▶ **PROVIDED DATA**
────────

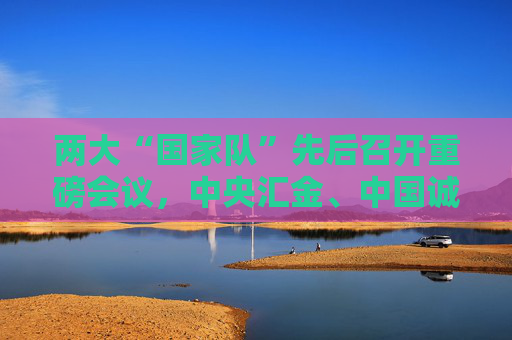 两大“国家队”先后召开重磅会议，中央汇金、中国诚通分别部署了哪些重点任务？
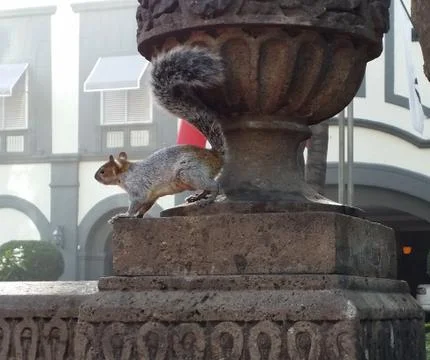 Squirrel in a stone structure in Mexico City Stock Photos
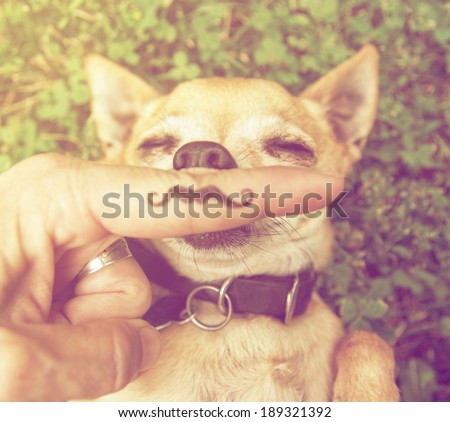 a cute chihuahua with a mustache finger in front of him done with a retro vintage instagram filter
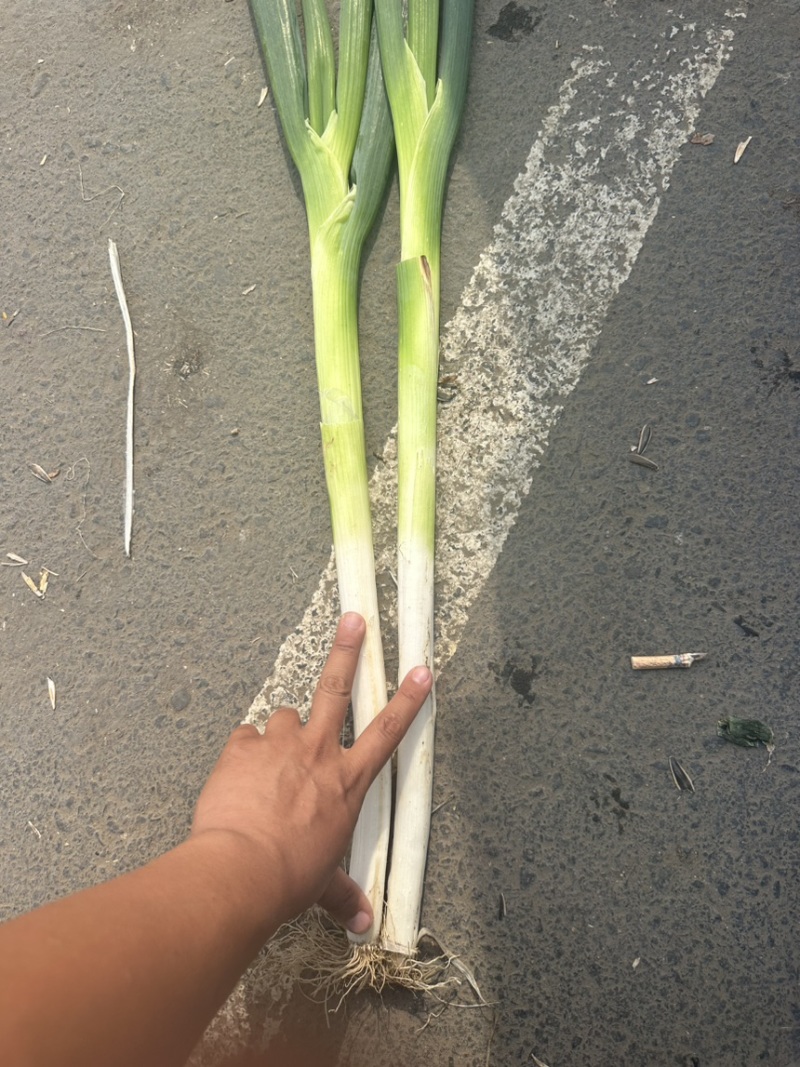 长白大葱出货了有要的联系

────────

▶ **AIM OF THE EXERCISE**
A word-for-word copy of the listing is needed, with no pictures in it.

▶ **RESULT FOR THIS EXERCISE**
 两大“国家队”先后召开重磅会议，中央汇金、中国诚通分别部署了哪些重点任务？
 Squirrel in a stone structure in Mexico City Stock Photos
 a cute chihuahua with a mustache finger in front of him done with a retro vintage instagram filter
 长白大葱出货了有要的联系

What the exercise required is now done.